Introduction: Boasian Aesthetics: American Poetry, Visual Culture, and Cultural Anthropology


American Popular Social Science: The Boasian Legacy


This essay considers the Boasian legacy in relation to popular social scientific writing. Franz Boas is widely remembered as a founder of academic anthropology in the United States. Yet his wider historical impact rests with his lifelong battle against scientific racism, which he waged both in his more specialized academic work and in publications directed to a readership of nonspecialists. Many of his students followed Boas in writing for, and reaching, a broad reading public. Indeed, some of the best-known figures in American anthropology -- Margaret Mead, Ruth Benedict, Elsie Clews Parsons, and Zora Neale Hurston -- achieved their fame through their popularly accessible writing. I argue that popular social science is its own genre, with a distinctive aesthetic appeal that rests with presenting "interesting" and sometimes useful information. Through an analysis of some notable Boasian examples of this popular social science genre, including Hurston's 'Mules and Men', I identify a distinctively modernist version of this aesthetic, which I call the aesthetics of cultural relativism.

Voices and Vices of the Ancestors: Reading and Teaching the Boasians in the Twenty-First Century


More than most disciplines, anthropology teaches its practitioners to be mindful of their ancestors. By training and temperament a Boasian, I have throughout my career listened to the voices of Franz Boas and his students, in particular, Edward Sapir. This paper examines some of their writings intended to bring the central messages of their anthropology -- antiracism and cultural relativism -- to a wide audience. I focus on their use of the words "primitive" and "savage" as they deploy them in writing about literature, philosophy, and culture in relationship to language and, in particular, grammatical categories. My reading aim is to recuperate the Boasians for twenty-first-century graduate students who, offended by Boasian terminology, may not be able to hear their message.

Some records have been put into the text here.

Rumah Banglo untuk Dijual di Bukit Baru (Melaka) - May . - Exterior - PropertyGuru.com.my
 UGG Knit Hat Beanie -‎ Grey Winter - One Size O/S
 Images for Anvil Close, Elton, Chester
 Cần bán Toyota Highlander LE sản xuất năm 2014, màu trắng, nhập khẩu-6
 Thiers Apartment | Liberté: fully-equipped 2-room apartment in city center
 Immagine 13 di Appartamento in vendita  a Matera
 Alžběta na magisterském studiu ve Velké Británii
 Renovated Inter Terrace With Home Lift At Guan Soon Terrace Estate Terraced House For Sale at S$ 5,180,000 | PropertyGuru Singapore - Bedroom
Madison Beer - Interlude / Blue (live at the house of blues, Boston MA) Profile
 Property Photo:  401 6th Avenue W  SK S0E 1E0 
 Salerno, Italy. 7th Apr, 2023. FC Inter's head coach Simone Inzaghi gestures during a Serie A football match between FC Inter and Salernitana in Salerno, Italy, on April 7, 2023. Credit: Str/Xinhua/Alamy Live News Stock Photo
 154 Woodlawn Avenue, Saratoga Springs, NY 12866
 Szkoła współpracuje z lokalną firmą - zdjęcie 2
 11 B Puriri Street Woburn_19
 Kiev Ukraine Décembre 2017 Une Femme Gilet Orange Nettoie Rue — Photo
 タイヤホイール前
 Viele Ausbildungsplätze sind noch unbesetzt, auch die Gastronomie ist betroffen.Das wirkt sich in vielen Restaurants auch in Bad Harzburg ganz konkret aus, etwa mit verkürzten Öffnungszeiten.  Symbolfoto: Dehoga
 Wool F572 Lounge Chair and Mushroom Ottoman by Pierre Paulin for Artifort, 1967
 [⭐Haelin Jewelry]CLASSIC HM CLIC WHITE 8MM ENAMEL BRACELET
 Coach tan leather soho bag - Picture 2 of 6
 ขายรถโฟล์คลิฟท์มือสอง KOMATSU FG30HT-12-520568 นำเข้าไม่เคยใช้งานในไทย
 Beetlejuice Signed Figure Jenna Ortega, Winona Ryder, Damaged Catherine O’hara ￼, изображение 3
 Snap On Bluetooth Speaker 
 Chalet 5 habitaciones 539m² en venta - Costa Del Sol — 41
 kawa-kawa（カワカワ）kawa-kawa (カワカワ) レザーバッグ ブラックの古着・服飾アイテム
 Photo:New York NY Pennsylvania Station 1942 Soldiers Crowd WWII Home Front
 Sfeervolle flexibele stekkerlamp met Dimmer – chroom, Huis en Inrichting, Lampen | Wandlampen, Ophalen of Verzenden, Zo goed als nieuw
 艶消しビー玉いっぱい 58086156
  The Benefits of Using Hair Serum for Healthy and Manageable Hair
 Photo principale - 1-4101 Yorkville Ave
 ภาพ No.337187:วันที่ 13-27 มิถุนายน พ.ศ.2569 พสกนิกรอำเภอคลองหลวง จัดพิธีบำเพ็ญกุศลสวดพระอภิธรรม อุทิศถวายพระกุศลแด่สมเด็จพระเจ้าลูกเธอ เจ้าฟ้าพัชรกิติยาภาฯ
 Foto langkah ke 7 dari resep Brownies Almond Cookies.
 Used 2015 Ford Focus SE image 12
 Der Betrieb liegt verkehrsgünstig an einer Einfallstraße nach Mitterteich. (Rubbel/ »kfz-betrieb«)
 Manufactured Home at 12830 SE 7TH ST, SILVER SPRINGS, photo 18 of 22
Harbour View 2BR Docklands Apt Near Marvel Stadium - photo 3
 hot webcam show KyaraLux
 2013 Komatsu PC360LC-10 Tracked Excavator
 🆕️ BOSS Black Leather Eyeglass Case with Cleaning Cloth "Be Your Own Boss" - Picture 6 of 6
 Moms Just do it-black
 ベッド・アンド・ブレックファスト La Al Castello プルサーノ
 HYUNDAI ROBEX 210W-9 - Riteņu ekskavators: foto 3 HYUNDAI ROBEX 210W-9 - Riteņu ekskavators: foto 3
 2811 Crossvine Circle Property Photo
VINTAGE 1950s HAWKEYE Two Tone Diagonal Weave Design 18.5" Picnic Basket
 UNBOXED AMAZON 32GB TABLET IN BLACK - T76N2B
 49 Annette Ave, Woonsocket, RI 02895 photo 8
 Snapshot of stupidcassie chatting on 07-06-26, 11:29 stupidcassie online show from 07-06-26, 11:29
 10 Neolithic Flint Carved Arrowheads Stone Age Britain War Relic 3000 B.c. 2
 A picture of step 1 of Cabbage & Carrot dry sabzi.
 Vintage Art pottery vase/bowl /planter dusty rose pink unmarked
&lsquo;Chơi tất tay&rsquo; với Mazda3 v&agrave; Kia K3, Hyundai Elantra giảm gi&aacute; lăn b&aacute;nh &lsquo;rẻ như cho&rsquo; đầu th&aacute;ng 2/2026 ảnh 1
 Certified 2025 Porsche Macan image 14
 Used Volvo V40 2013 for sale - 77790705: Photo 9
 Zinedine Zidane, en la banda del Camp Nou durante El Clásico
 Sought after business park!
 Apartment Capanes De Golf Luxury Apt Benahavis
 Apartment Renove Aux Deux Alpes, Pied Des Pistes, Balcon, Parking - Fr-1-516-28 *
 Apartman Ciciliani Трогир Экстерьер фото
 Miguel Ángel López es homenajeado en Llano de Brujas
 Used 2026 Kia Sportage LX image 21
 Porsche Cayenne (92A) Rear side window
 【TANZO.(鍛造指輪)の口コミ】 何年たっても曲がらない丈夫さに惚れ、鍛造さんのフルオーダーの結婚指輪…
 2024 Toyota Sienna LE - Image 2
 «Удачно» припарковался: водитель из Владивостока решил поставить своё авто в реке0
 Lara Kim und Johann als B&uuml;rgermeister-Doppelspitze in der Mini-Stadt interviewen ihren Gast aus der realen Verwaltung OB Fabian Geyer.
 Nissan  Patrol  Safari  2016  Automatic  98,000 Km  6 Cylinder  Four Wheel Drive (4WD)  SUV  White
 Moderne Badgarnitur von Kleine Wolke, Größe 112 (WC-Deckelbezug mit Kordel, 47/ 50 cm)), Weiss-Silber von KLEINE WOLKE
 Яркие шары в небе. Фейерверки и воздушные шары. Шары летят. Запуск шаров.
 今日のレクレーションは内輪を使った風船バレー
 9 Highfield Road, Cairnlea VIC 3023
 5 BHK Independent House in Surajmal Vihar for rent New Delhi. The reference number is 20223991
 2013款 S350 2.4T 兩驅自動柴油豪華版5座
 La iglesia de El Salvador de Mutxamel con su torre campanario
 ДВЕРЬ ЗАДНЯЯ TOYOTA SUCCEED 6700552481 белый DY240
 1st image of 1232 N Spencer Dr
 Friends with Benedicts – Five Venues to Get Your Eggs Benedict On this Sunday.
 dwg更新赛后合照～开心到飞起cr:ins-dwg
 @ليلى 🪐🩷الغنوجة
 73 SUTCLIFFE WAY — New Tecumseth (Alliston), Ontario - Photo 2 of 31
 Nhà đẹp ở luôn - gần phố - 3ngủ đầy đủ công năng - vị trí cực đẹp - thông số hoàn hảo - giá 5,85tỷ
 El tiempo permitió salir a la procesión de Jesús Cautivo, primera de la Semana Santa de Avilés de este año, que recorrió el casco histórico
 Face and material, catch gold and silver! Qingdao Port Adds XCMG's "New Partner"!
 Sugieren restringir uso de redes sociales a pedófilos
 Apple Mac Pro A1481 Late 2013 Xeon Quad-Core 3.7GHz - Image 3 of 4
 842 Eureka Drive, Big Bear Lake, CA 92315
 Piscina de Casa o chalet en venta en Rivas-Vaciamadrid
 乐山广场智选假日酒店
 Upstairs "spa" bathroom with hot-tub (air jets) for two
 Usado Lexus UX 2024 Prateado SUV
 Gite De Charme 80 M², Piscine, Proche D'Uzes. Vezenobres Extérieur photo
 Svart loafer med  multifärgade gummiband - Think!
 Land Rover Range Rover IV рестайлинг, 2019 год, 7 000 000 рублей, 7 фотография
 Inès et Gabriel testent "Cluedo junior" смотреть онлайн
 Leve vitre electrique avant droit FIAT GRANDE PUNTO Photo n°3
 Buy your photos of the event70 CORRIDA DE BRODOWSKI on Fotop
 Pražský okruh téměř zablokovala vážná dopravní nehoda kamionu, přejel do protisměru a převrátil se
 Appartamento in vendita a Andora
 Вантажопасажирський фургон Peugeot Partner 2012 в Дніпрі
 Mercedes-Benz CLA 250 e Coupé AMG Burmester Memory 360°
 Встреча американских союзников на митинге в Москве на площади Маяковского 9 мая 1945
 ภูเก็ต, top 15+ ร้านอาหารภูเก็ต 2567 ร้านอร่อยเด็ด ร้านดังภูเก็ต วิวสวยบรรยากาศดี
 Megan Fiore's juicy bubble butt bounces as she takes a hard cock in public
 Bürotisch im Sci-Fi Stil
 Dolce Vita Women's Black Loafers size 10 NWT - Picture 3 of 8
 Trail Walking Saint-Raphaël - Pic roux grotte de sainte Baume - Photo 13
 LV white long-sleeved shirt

Boasian Soundings: An Interrupted History of the Senses (and Poetry) in Anthropology


This essay traces the long, if interrupted, history of the life of the senses and poetry -- the most sensuous form of writing -- in anthropology. It begins by documenting the fascination with the measurement of the senses of the "'savage races'" in the British and French anthropology of the late nineteenth century. It then delves into the rupture with psychophysical methods of investigation introduced by the great pioneer of American anthropology, Franz Boas, and how his example inspired a new focus on the cultural logistics of sensation that is apparent in the work of his students -- Ruth Benedict, Margaret Mead, and Edward Sapir. Significantly, all three of these sensuous scholars also experimented with writing poetry. There followed a dark period during which the interest in sensation was eclipsed by a new focus on interpretation -- or treating cultures as 'texts' to be 'read', following Clifford Geertz. Interest in the senses and sensation was further sidelined as a result of the mutation of the idea of 'reading culture' into 'writing culture', following James Clifford and George Marcus, and the redefinition of the anthropological endeavor as a 'process of textualization.' The prevailing notion of textualization was woefully prosaic. Then, as the new millennium dawned, anthropologists awoke from the sleep of the senses, and the focus shifted from representation to sensation (again) -- that is, from 'writing culture' to 'sensing cultures.' The method of sensory ethnography, which depends on 'participant sensation', emerged as the method of choice, and this shift tied in with a revalorization of poetry. This article includes an unpublished letter by the late Clifford Geertz by way of rejoinder, which casts the textual revolution in anthropological theory in a different light, and a letter by the poetanthropologist Roseline Lambert that extolls the virtues of poetry as sense-making practice.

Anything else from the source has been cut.